On January 22, 2013, Griffiths Energy International Inc. (GEI), a privately held oil and gas company based in Calgary, plead guilty to bribery charges under the Corruption of Foreign Public Officials Act (CFPOA). GEI had admitted to paying $2 million to officials in Chad to secure a contract for oil exploration blocks.

The bribe was paid in the form of consulting contracts between GEI and a company owned by the Chadian ambassador’s wife. GEI’s new management team discovered the irregular payment in 2011 when preparing to take the company public and conducting due diligence. Management launched an internal investigation headed by outside counsel, which lasted 5 months and cost $5 million. The IPO was also cancelled, costing an additional $1.8 million.  

GEI reported the results of the internal investigation to the RCMP, U.S. Department of Justice and federal and provincial prosecutors. The company agreed to pay a fine $9 million plus a victim surcharge of 15% for a total of $10.35 million. According to the Crown, the fine would have been substantially higher had GEI not investigated itself and cooperated with the authorities. Justice Brooker, the presiding judge, is expected to confirm the final sentence on January 25.  

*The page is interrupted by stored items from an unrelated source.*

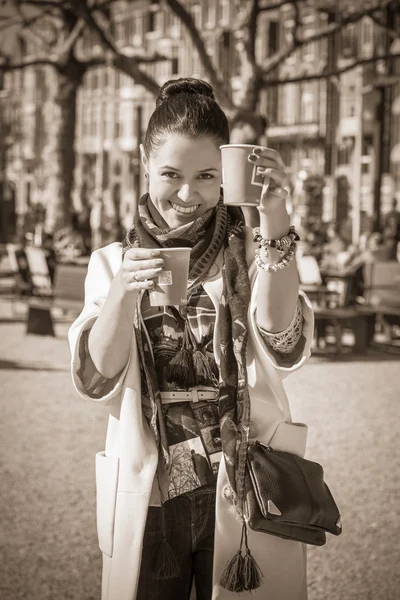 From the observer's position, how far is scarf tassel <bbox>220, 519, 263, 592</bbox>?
2074 millimetres

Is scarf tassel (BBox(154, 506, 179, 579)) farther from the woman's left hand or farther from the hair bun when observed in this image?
the hair bun

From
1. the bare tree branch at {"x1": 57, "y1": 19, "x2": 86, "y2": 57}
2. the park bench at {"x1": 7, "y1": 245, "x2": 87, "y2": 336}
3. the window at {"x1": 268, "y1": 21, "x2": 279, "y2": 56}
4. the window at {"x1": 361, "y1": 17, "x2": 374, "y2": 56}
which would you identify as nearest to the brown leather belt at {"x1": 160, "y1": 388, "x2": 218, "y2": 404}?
the park bench at {"x1": 7, "y1": 245, "x2": 87, "y2": 336}

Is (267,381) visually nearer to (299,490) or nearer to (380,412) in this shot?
(299,490)

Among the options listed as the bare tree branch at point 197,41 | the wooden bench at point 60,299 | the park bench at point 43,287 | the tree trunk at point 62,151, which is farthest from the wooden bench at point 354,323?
the tree trunk at point 62,151

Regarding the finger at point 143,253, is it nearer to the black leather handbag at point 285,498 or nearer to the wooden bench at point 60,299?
the black leather handbag at point 285,498

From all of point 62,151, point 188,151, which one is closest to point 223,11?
point 62,151

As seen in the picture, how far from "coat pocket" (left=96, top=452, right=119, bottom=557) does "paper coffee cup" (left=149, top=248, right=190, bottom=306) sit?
404 millimetres

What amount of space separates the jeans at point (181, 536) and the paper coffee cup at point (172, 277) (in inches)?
18.2

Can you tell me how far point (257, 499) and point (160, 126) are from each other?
87 cm

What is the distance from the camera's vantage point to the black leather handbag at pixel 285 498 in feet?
6.84

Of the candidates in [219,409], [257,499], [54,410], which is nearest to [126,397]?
[219,409]

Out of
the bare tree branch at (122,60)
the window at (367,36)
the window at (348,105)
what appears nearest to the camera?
the bare tree branch at (122,60)

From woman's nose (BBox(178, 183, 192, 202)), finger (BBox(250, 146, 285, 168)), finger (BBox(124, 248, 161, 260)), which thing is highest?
finger (BBox(250, 146, 285, 168))

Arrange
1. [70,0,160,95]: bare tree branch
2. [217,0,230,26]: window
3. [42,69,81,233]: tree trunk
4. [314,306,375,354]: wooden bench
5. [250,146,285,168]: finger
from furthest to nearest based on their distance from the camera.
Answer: [217,0,230,26]: window < [42,69,81,233]: tree trunk < [70,0,160,95]: bare tree branch < [314,306,375,354]: wooden bench < [250,146,285,168]: finger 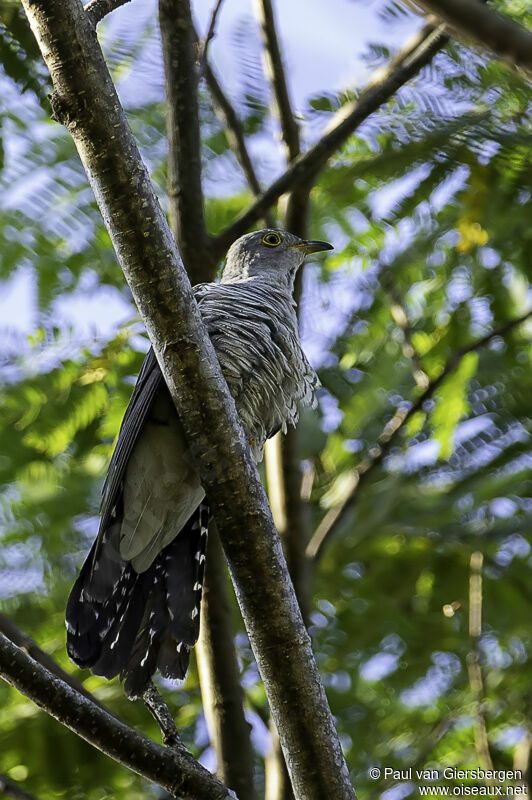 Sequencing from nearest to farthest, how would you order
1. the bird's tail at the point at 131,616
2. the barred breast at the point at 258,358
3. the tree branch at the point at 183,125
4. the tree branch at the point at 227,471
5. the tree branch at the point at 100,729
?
1. the tree branch at the point at 100,729
2. the tree branch at the point at 227,471
3. the bird's tail at the point at 131,616
4. the barred breast at the point at 258,358
5. the tree branch at the point at 183,125

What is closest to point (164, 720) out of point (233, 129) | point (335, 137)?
point (335, 137)

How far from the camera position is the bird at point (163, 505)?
10.6 ft

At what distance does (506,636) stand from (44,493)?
2079 mm

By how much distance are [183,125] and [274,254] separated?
1.01 m

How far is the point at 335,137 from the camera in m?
3.68

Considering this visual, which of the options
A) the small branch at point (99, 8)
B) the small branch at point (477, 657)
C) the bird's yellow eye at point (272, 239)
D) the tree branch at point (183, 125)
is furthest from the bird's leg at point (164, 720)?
the bird's yellow eye at point (272, 239)

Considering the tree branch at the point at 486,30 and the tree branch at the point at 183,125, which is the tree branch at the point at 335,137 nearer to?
the tree branch at the point at 183,125

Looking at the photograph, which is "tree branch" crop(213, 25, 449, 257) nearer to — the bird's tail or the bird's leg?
the bird's tail

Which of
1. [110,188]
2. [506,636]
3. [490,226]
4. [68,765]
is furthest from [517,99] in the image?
[68,765]

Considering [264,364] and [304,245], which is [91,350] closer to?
[264,364]

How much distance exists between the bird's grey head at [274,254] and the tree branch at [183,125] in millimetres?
670

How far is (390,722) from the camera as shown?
13.3ft

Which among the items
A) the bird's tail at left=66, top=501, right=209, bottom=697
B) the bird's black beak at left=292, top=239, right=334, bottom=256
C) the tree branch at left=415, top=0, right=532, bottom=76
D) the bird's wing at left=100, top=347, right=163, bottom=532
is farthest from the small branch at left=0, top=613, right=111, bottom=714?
the bird's black beak at left=292, top=239, right=334, bottom=256

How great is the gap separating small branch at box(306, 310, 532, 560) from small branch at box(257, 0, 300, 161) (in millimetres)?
1297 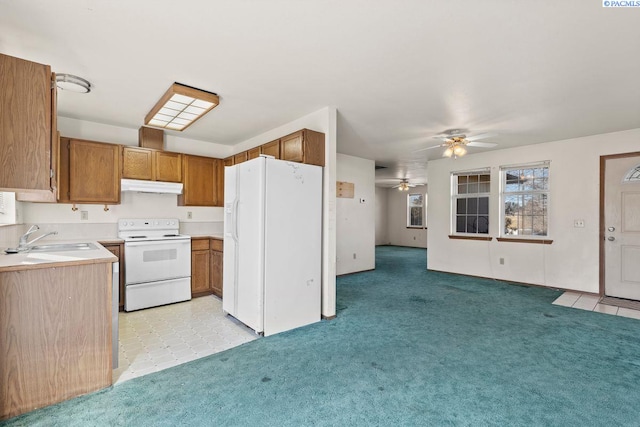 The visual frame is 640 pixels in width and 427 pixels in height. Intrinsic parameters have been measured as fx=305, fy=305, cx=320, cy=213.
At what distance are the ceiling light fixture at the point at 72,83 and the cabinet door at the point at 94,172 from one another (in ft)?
3.41

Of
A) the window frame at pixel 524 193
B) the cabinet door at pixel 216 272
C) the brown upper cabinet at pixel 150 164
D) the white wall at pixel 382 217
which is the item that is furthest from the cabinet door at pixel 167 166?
the white wall at pixel 382 217

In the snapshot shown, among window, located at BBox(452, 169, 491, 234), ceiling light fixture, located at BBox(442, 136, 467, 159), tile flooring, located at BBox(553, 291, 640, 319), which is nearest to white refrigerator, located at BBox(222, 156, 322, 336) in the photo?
ceiling light fixture, located at BBox(442, 136, 467, 159)

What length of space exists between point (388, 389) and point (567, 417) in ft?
3.57

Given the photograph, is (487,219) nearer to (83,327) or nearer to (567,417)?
(567,417)

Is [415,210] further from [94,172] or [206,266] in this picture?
[94,172]

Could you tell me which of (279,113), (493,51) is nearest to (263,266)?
(279,113)

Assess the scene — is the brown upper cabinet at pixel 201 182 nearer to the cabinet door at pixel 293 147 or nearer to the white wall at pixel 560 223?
the cabinet door at pixel 293 147

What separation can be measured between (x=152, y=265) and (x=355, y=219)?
389cm

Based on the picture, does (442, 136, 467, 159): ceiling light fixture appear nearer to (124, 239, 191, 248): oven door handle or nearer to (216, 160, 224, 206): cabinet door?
(216, 160, 224, 206): cabinet door

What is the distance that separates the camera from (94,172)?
13.1 feet

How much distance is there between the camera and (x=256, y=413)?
1902 mm

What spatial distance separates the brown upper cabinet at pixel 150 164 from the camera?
13.8 ft

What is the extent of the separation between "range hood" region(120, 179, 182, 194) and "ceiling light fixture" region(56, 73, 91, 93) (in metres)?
1.32

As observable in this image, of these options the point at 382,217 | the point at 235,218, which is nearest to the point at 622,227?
the point at 235,218
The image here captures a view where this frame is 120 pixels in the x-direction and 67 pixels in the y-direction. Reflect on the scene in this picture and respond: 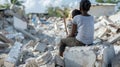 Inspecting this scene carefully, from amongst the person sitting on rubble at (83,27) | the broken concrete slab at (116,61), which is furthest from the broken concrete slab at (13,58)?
the broken concrete slab at (116,61)

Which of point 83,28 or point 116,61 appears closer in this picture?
point 116,61

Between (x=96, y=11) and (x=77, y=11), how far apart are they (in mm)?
27956

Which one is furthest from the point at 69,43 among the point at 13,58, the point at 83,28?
the point at 13,58

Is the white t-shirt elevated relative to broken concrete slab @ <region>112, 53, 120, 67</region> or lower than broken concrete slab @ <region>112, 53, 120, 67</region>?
elevated

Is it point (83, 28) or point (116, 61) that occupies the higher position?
point (83, 28)

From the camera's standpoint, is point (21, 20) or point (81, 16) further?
point (21, 20)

This is the fourth time a company has been charged under the Corruption of Foreign Public Officials Act. It is the largest fine ever imposed under the Act. There is no indication that the illegal payments resulted in any business advantages for the company, which is not a requirement to secure a conviction under the Act.  

There is an active investigation of Griffiths for the same conduct under the American Foreign Corrupt Practices Act. The Globe and Mail reports that the Crown prosecutor in Calgary indicated that he did not expect the American authorities to proceed with the investigation now that the matter has been dealt with in Canadian courts. This may be based on information available to the Crown. Certainly, in the past, American authorities have not hesitated to prosecute violations of their Foreign Corrupt Practices Act simply because a foreign country has already prosecuted a party for the same conduct. In 2010, the Fifth Circuit Court of Appeal affirmed the conviction of Gi-Hwan Jeong for bribing American officials at military bases in South Korea. Mr. Jeong had already been convicted of the same crime by a South Korean court.